Please reproduce the listing word for word. Pictures stay out.

..............................

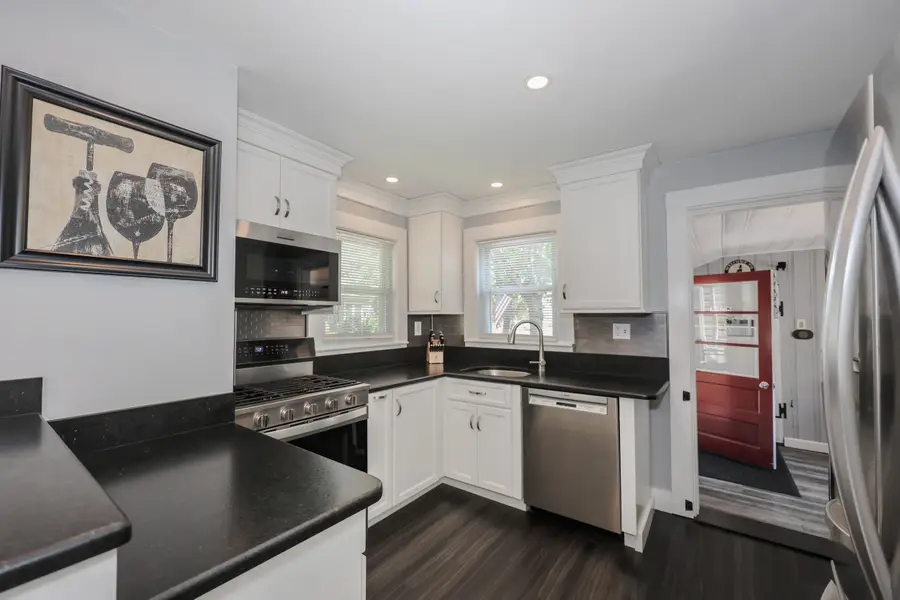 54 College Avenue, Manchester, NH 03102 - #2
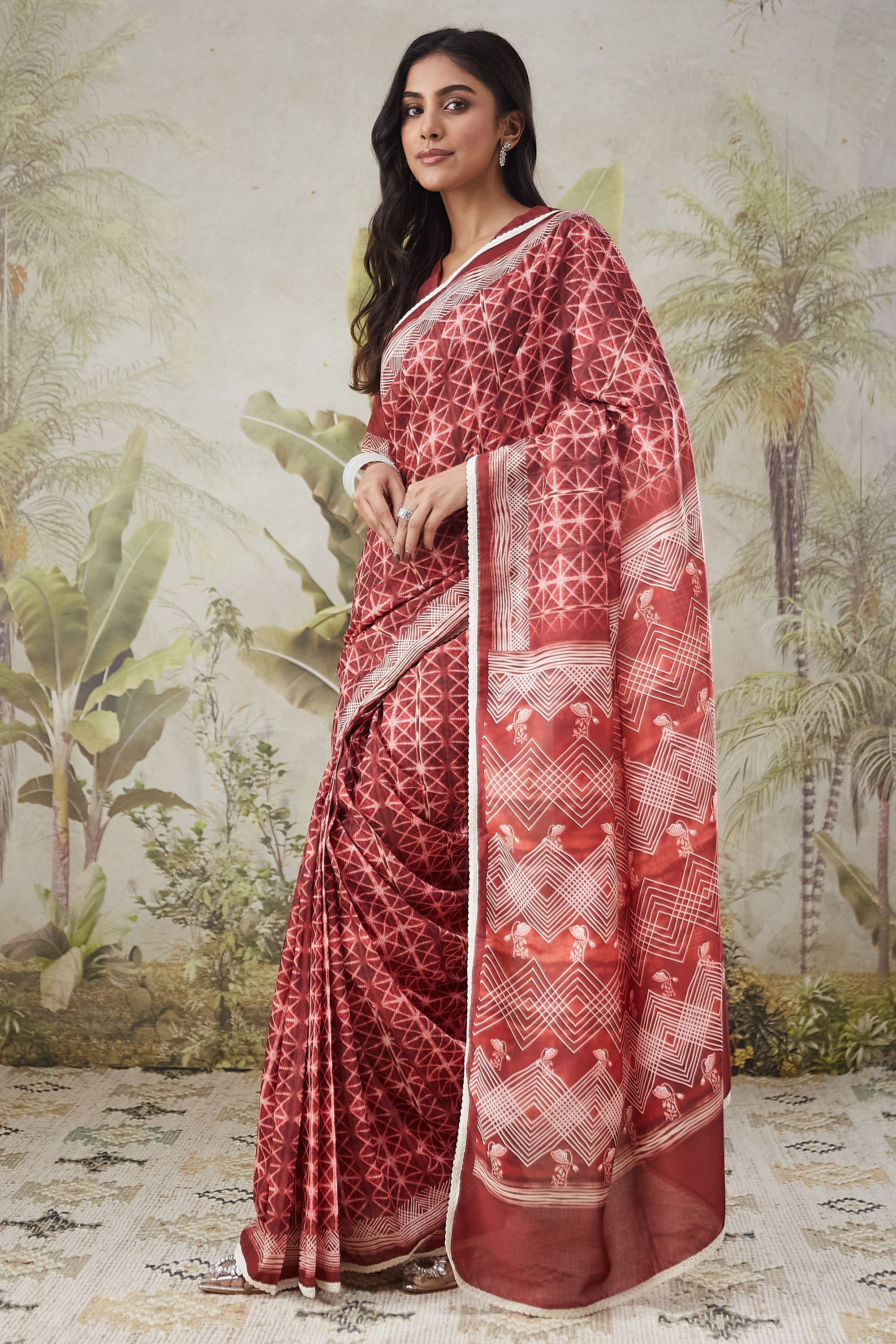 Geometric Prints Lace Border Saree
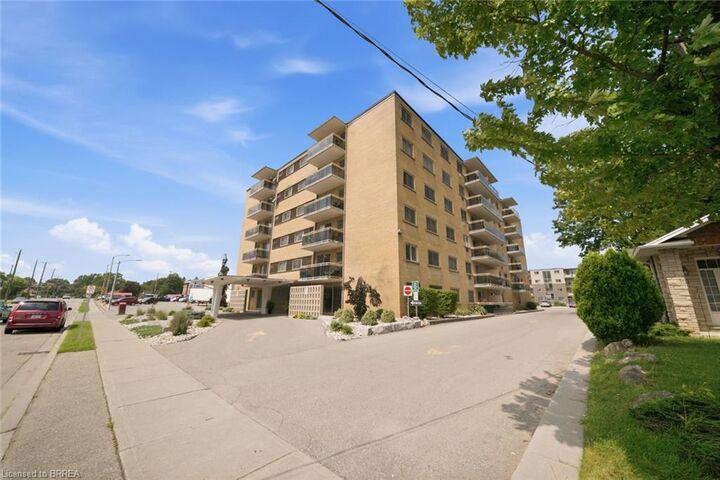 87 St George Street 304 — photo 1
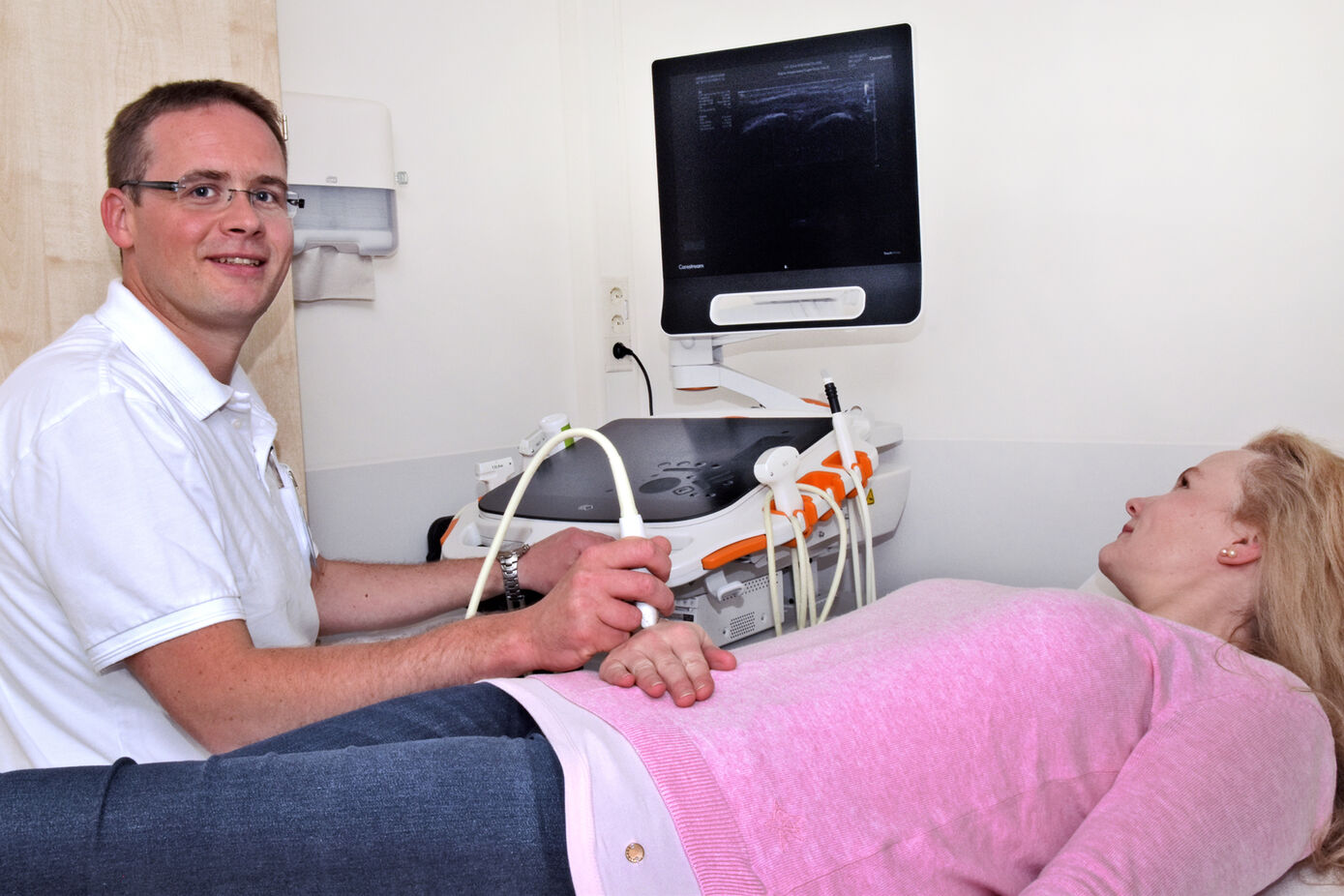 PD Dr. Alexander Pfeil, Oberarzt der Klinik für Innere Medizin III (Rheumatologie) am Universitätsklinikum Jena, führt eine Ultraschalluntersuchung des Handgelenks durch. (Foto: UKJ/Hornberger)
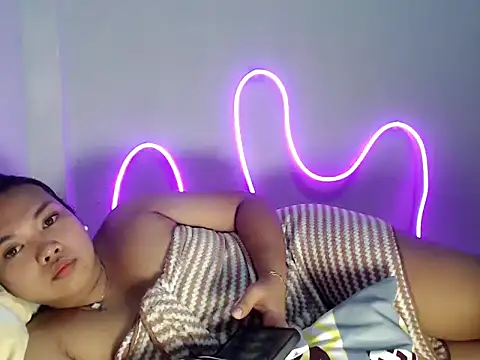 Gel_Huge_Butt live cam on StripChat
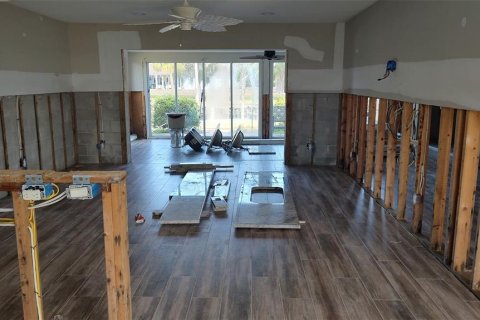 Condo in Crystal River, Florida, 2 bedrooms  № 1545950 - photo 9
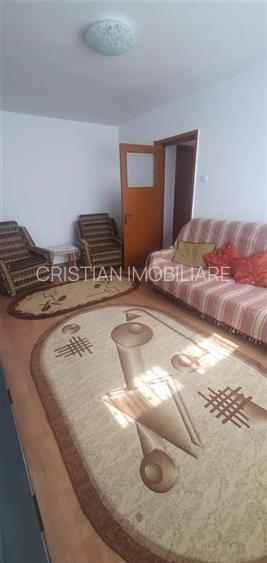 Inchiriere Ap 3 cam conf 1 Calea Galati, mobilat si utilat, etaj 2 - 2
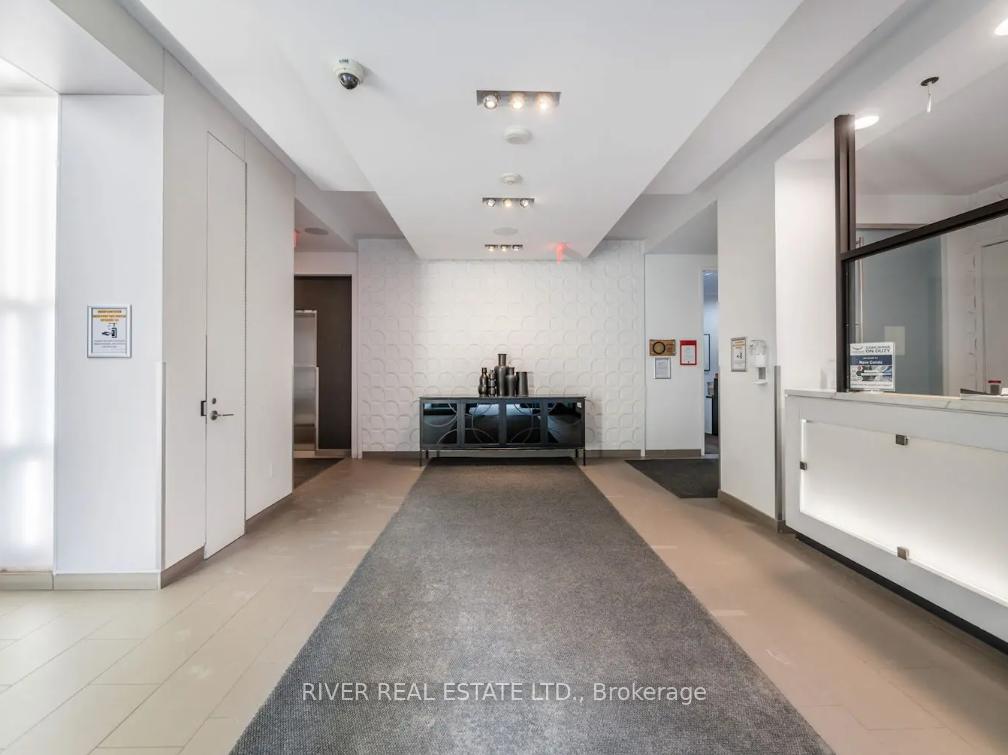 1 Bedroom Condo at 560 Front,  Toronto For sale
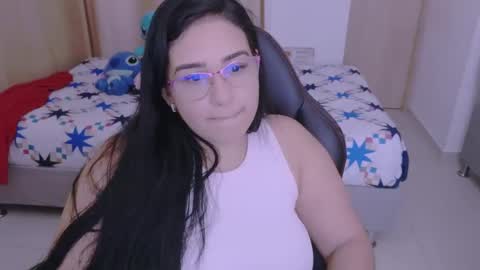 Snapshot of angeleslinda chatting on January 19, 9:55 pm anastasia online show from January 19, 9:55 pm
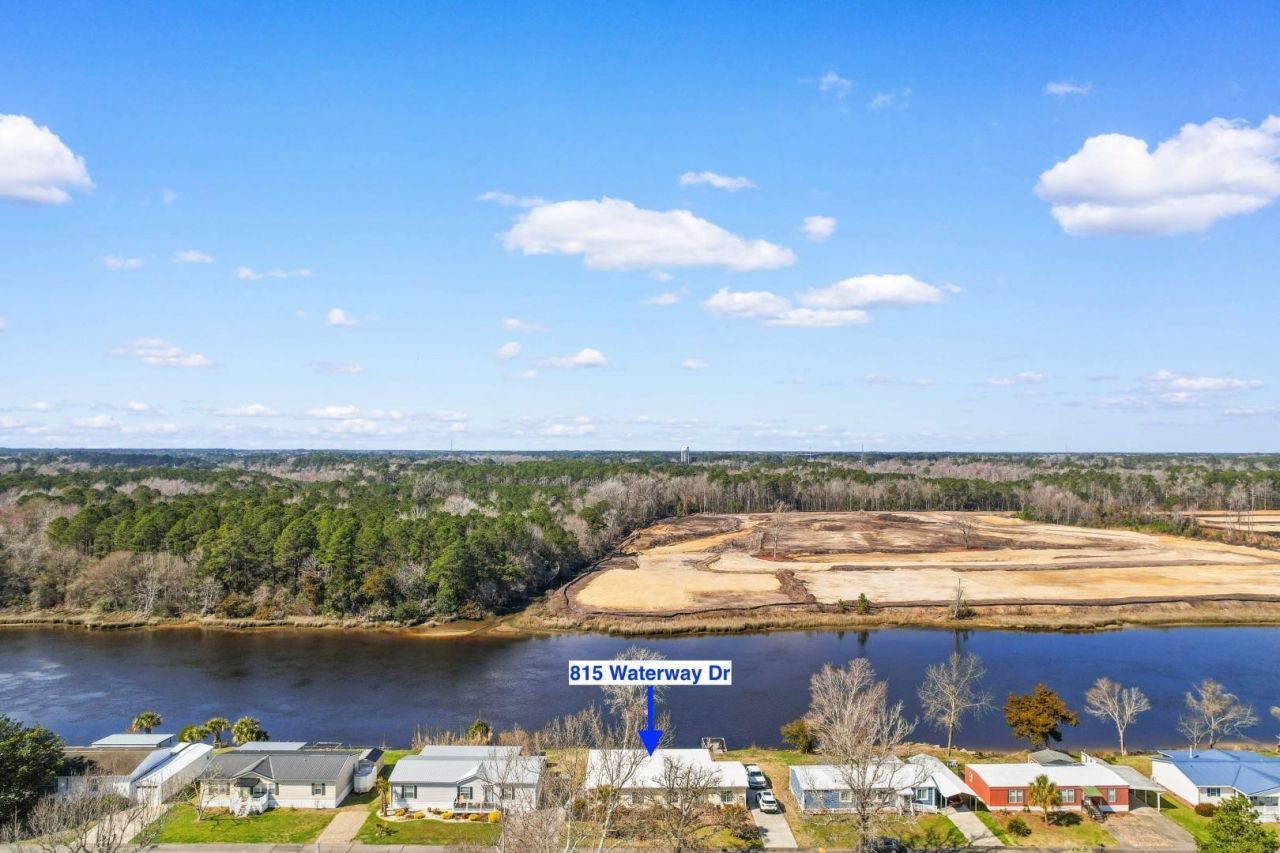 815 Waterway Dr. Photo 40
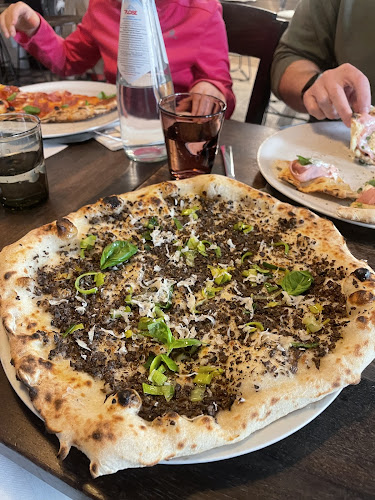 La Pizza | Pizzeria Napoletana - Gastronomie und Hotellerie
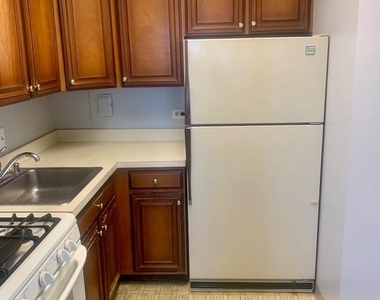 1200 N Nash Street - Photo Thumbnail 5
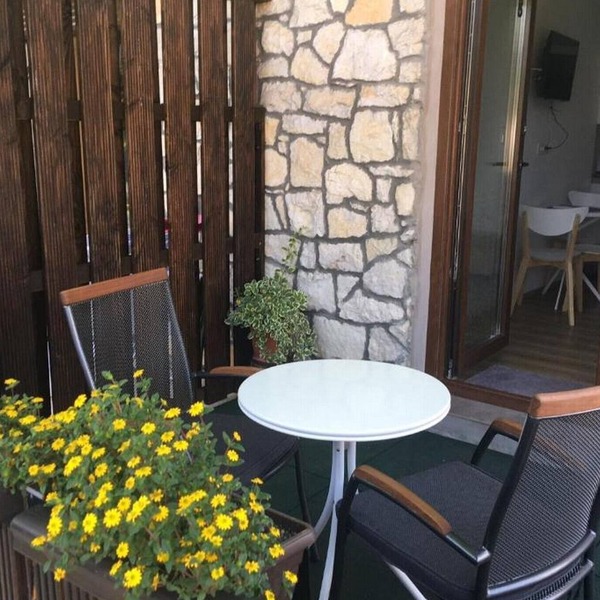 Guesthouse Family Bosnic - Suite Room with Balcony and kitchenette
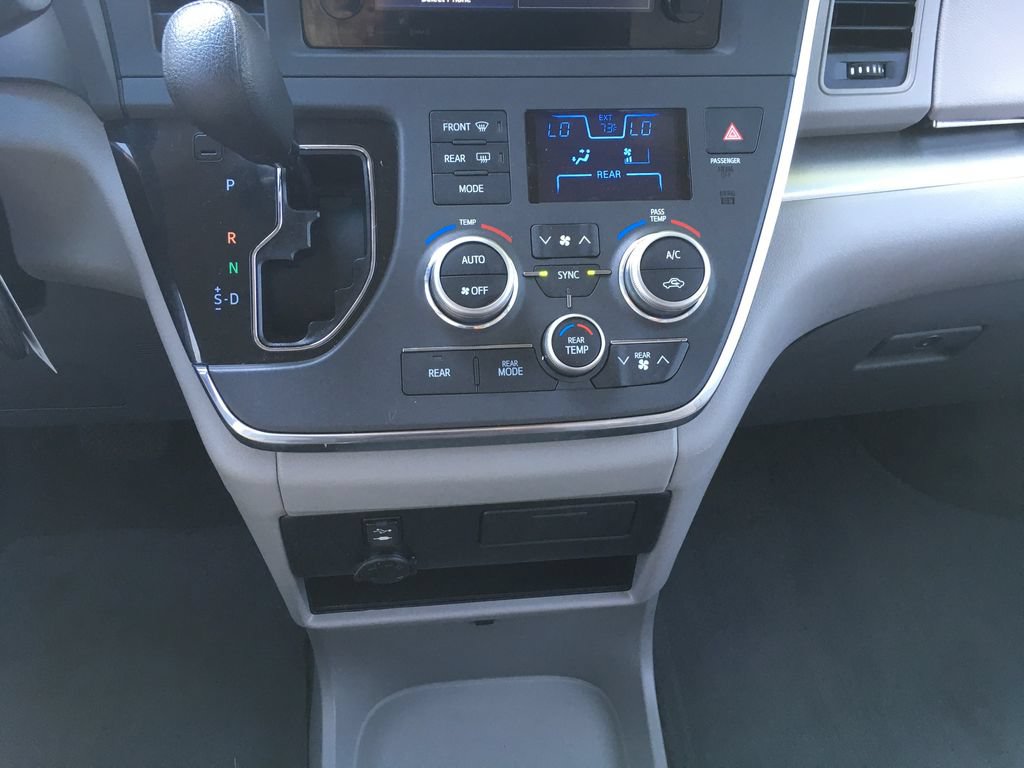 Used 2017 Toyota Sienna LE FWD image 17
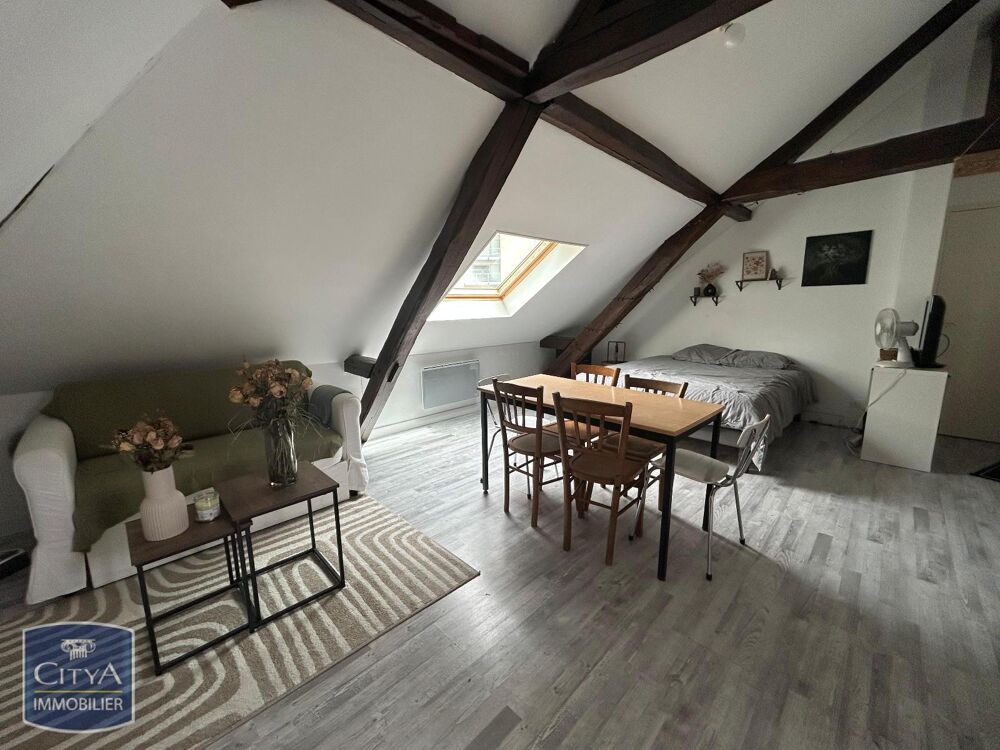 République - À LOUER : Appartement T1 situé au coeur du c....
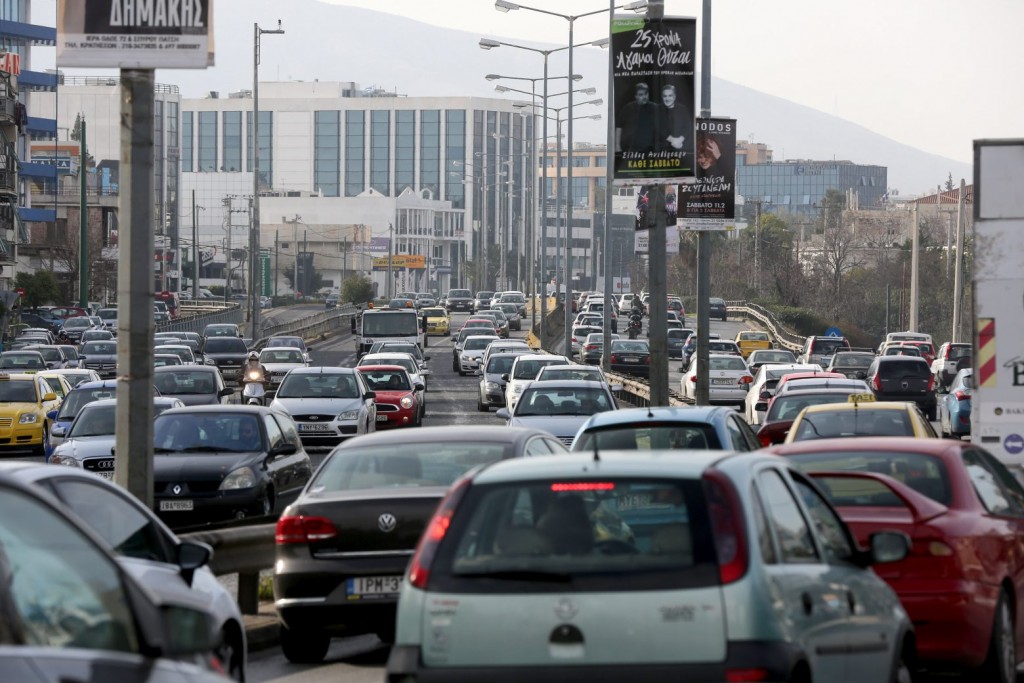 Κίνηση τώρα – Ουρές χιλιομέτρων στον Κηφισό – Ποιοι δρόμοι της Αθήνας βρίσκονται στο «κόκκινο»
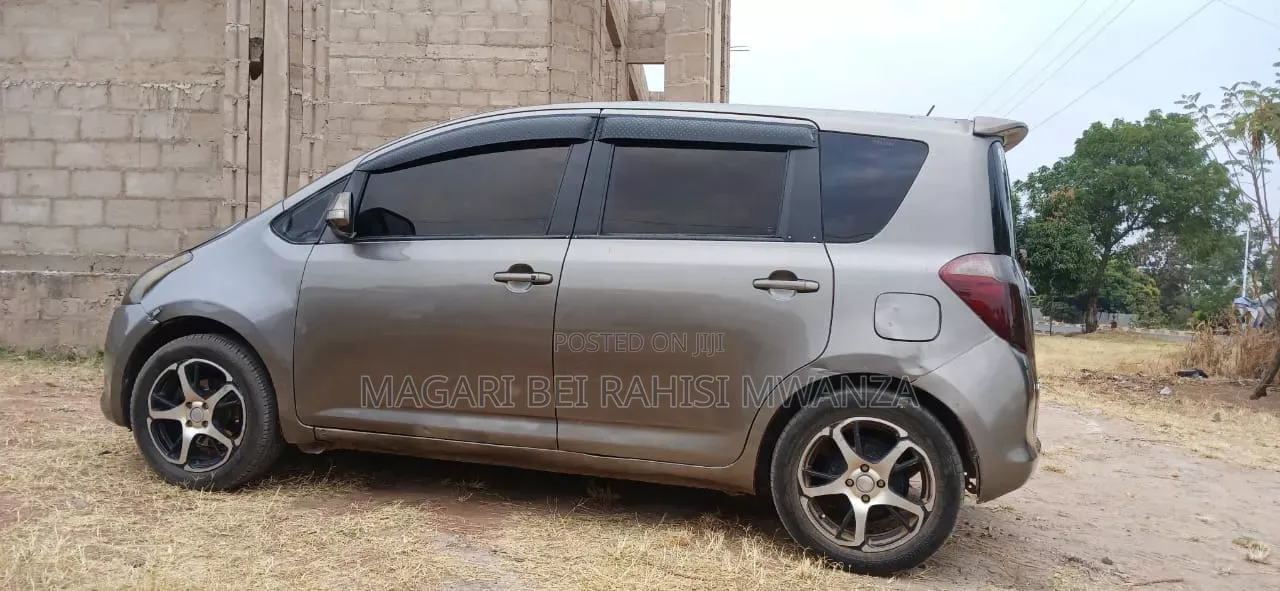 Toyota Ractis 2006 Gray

..............................

*Exercise solution:*
 54 College Avenue, Manchester, NH 03102 - #2
 Geometric Prints Lace Border Saree
 87 St George Street 304 — photo 1
 PD Dr. Alexander Pfeil, Oberarzt der Klinik für Innere Medizin III (Rheumatologie) am Universitätsklinikum Jena, führt eine Ultraschalluntersuchung des Handgelenks durch. (Foto: UKJ/Hornberger)
 Gel_Huge_Butt live cam on StripChat
 Condo in Crystal River, Florida, 2 bedrooms  № 1545950 - photo 9
 Inchiriere Ap 3 cam conf 1 Calea Galati, mobilat si utilat, etaj 2 - 2
 1 Bedroom Condo at 560 Front,  Toronto For sale
 Snapshot of angeleslinda chatting on January 19, 9:55 pm anastasia online show from January 19, 9:55 pm
 815 Waterway Dr. Photo 40
 La Pizza | Pizzeria Napoletana - Gastronomie und Hotellerie
 1200 N Nash Street - Photo Thumbnail 5
 Guesthouse Family Bosnic - Suite Room with Balcony and kitchenette
 Used 2017 Toyota Sienna LE FWD image 17
 République - À LOUER : Appartement T1 situé au coeur du c....
 Κίνηση τώρα – Ουρές χιλιομέτρων στον Κηφισό – Ποιοι δρόμοι της Αθήνας βρίσκονται στο «κόκκινο»
 Toyota Ractis 2006 Gray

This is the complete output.